阿蘇の寒地型牧草、野草を利用した発酵TMRは褐毛和種去勢肥育牛に利用可能である

農業研究センター草地畜産研究所

研究のねらい

畜産経営において、飼料の多くを輸入に依存しており,飼料自給率の低迷、輸入飼料価格の高騰が課題となっています。また阿蘇には広大な草地が存在し、繁殖牛の放牧と採草に利用されてきましたが、近年、畜産農家の減少、労働力不足等の理由から草地の利用が減少しており、草地の新たな活用方法が求められていました。
そこで、阿蘇産の寒地型牧草または野草を活用した肥育用発酵TMR※1を開発し、褐毛和種去勢肥育牛の発育及び肉質への影響を調査しましたので紹介します。

 

※1 阿蘇産牧草、籾米サイレージ等を混合、発酵させた飼料

写真1 発酵TMR

研究の成果

1.牛舎で給与する肥育用発酵TMR(肥育前期、中期及び後期用)として、牧草(トールフェスク、オーチャードグラス主体)を活用した牧草発酵TMRと野草(ススキ、ネザサ主体)を活用した野草発酵TMRを設計開発しました(表1)

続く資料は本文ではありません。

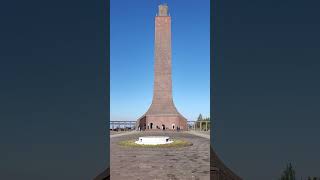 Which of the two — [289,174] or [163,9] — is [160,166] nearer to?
[289,174]

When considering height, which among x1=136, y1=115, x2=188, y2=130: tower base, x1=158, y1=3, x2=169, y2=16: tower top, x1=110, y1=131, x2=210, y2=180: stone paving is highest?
x1=158, y1=3, x2=169, y2=16: tower top

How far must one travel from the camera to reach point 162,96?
40719 millimetres

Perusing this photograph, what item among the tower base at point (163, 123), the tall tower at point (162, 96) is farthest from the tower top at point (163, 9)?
the tower base at point (163, 123)

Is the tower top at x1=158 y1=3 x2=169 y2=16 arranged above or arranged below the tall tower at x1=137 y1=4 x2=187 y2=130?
above

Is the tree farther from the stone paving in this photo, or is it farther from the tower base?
the tower base

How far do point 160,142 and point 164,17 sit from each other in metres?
25.8

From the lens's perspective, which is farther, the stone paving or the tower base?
the tower base

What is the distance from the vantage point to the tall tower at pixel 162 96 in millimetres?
40344

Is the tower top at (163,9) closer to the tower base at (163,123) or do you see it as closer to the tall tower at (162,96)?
the tall tower at (162,96)

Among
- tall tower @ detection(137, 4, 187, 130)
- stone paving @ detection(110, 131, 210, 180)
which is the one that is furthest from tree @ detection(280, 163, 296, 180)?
tall tower @ detection(137, 4, 187, 130)

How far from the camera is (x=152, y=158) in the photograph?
13.0 meters

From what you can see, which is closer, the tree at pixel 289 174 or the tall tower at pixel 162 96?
the tree at pixel 289 174

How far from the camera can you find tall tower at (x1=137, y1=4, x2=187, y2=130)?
40344 millimetres

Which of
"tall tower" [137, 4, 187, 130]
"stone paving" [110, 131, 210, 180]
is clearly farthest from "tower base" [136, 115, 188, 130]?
"stone paving" [110, 131, 210, 180] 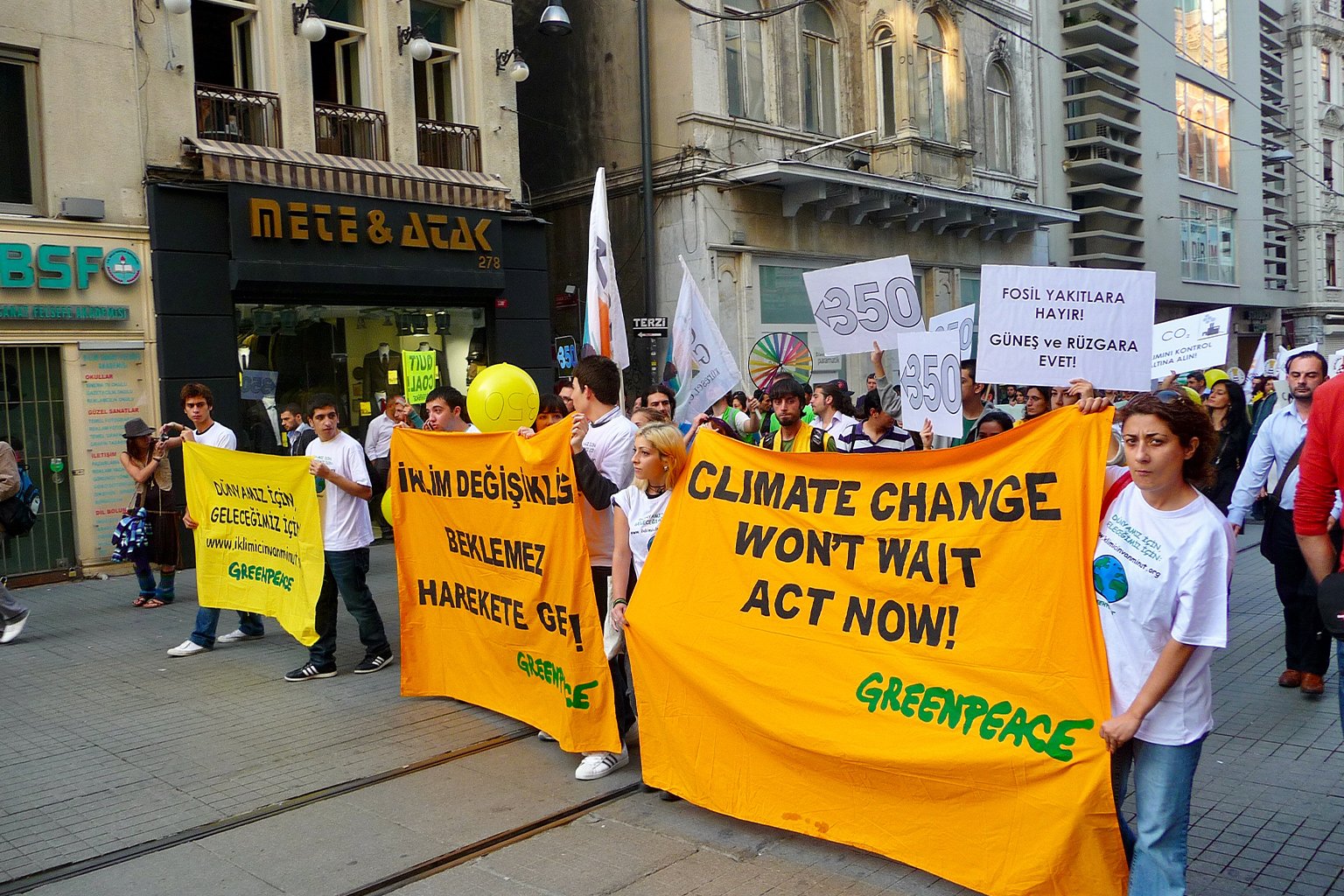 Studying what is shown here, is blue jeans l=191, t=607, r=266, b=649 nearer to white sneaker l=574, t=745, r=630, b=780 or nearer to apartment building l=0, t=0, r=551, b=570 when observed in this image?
white sneaker l=574, t=745, r=630, b=780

2.牧草発酵TMR、野草発酵TMRとも肥育牛1頭あたりの累積乾物摂取量、発育及び枝肉成績には、当所の慣行肥育(以下、慣行肥育)と比較して同程度で差は有りませんでした(図1、表2)。

図1 乾物摂取量(累積)

3.野草発酵TMRの肉質特性として、抗酸化作用のあるα-トコフェロール含量が慣行肥育および牧草発酵TMRより高くなり、脂肪色の黄色みが慣行肥育と差がないという特徴を示しました(表3)

4.牧草発酵TMRおよび野草発酵TMRは、嗜好性は良好で、飼料自給率は50%以上(表1)であるため、阿蘇の草地の利用拡大ができます。

成果活用面・留意点

1.販売面では、国産飼料多給及び阿蘇の草原を守る持続可能な畜産物であるという付加価値があります。
2.当飼養方法による推定値では、牧草地は35a/頭程度、野草地であるネザサ優占草地は45a/頭程度、ススキ優占草地は18a/頭程度の草地を維持できます。
3.発酵TMRに使用した牧草、野草の収穫時期は、牧草が5~7月、野草が9~11月です。